Re: microdata use cases and Getting data out of poorly written Web pages from Henri Sivonen on 2009-05-14 (public-html@w3.org from May 2009)

From: Henri Sivonen <hsivonen@iki.fi>
Date: Thu, 14 May 2009 09:36:05 +0300
To: Ben Adida <ben@adida.net>
Cc: public-html@w3.org
Message-Id: <535547D0-CA88-46FA-AF1B-728426D468D1@iki.fi>

On May 13, 2009, at 20:18, Ben Adida wrote:

> Yes, it's important to validate theories. Henri's theory that
> xmlns:foo would be impossible/difficult to parse correctly in text/
> html proved to be a fairly weak argument in practice (Google, Yahoo,
> and my Firefox bookmarklet do just fine.)

Please don't mischaracterize what I have said in order to dismiss it.

I have said:

1) If xmlns:foo is parsed the way it's currently specced and
implemented in Gecko, WebKit and Opera, a namespace-aware API
representation of it is different for text/html and application/xhtml
+xml DOMs. (This is not theory. It is a testable statement of fact.)
If the namespace-aware representation is different for text/html and
application/xhtml+xml DOMs, applications that support both need
divergent code paths on the application layer to paper over the
difference. Having divergent code paths is bad. (Browser-internal APIs
in Gecko are in the namespace-aware category as are the Level 2 parts
of DOM.)

2) Some namespace-aware representations don't allow an attribute with
local name "xmlns:foo" in no namespace to be represented at all. XOM
is such a representation. (It throws if you try to set such an
attribute.)

3) Finding out whether it is feasible to change text/html parsing to
make the data model representation of xmlns:foo match the
representation parsed from application/xhtml+xml would involve
shipping such an implementation, which means finding out entails non-
trivial cost. (Note that I have not claimed that it would be
impossible--just that the experiment has such cost characteristics
that I think a microdata solution should avoid the need to perform
that experiment.)

Your bookmarklet doesn't refute any of the above points because it
uses a namespace-unaware API (DOM Level 1).

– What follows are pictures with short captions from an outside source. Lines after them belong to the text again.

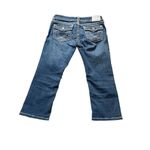 L.A. Idol Rhinestone Flap Pocket Capri Jeans Thick Stitch Size 7 made in USA Blue Photo 7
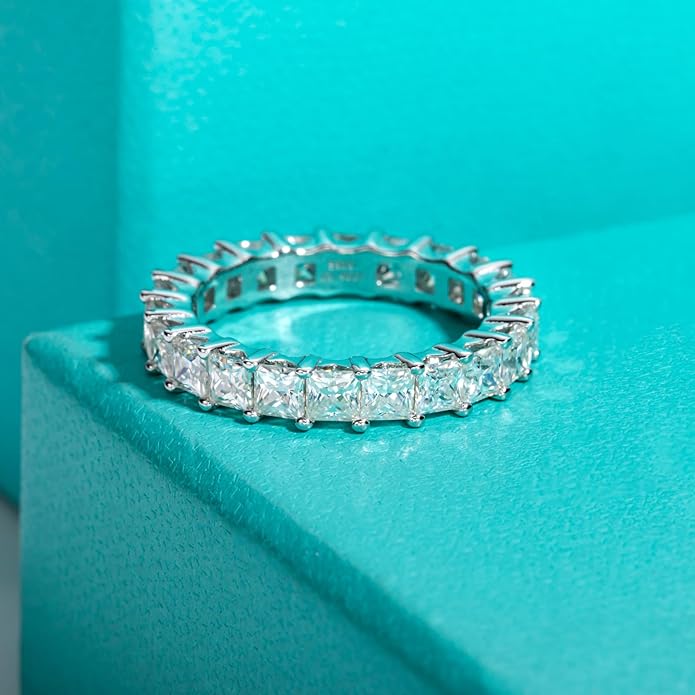 AnuClub Moissanite Eternity Ring, Round/Emerald/Princess Cut 5cttw D Color 925 Sterling Silver Wedding Band Rings for Women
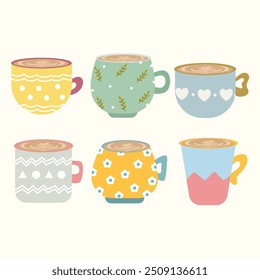 Hand drawn cups collection. Suitable for flat design graphic illustration, clip art,  posters, stickers, cards, etc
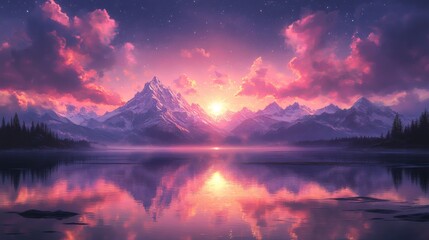 serene mountain lake with snow-capped peaks at sunset, featuring a dramatic purple and pink sky. The sun is setting behind the mountains, and its light is reflected in the calm waters of the lake.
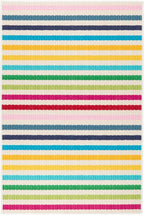 Dash and Albert Rainbow Machine Washable Area Rug - 6' x 9' Multicolor Stripe Washable Accent Rug - Durable, High Traffic Areas Kitchen, Mudroom, Hallways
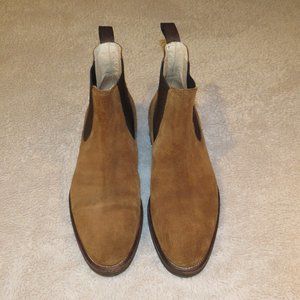 Isaia Napoli 3389 Brown Suede Leather Chelsea Boots US 8.5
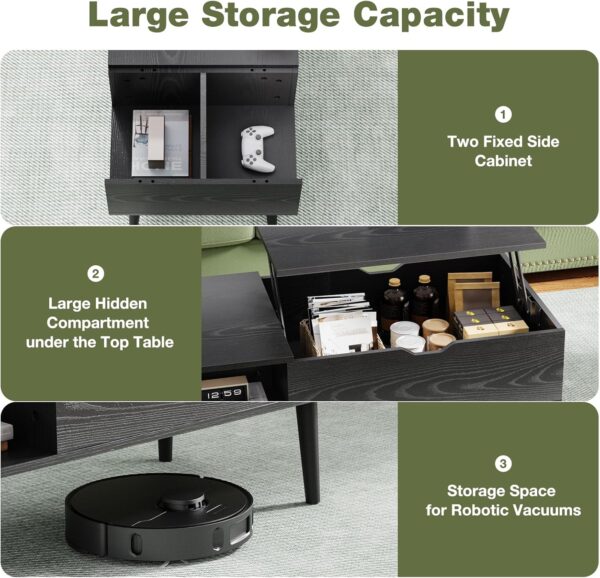 OLIXIS Wood Lift Top Coffee Table with Hidden Compartment and Large Storage Shelf, Lift Tabletop Dining Center Table for Home Living Room Office, Black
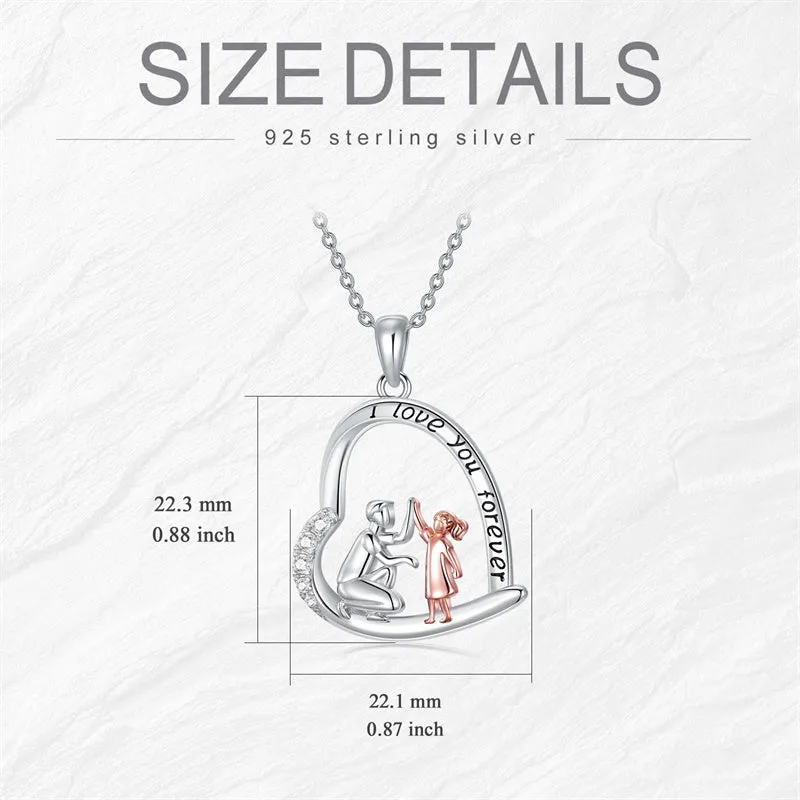 925 Sterling Silver Father Daughter Heart Pendant Necklace from Dad I Love You Forever Jewelry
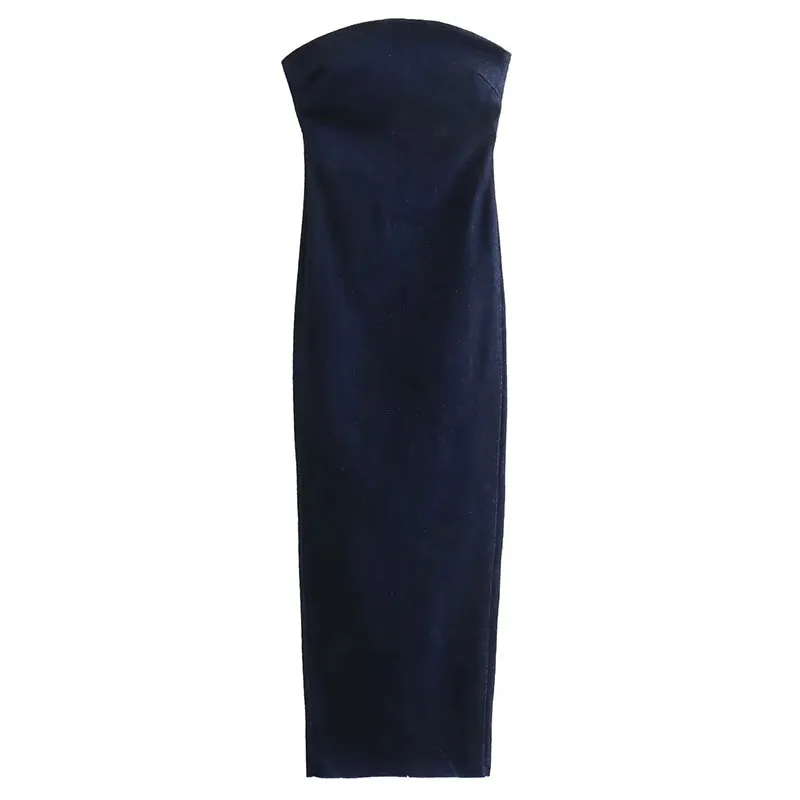 Nsquared Women Elegant Denim Dress | Strapless Back Zipper Slit Dress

It is unclear if recent services unveiled by Google and Yahoo! refute
any of my points. Do either of them support both text/html and
application/xhtml+xml? If yes, is it known if they have divergent code
paths internally? Is it known if they use conforming HTML and XML
parsers?

Furthermore, according to Hixie, Yahoo! treats prefix as meaningful (http://lists.w3.org/Archives/Public/public-rdf-in-xhtml-tf/2009Mar/0100.html
), which is evidence *against* prefix-based indirection doing just fine.

So far, I haven't seen evidence showing whether Google implements
CURIEs per spec (to the extent to which there is a spec; RDFa has not
been specced for text/html) or whether they, too, give meaning to the
prefix.

--
Henri Sivonen
hsivonen@iki.fi
http://hsivonen.iki.fi/

Received on Thursday, 14 May 2009 06:36:46 UTC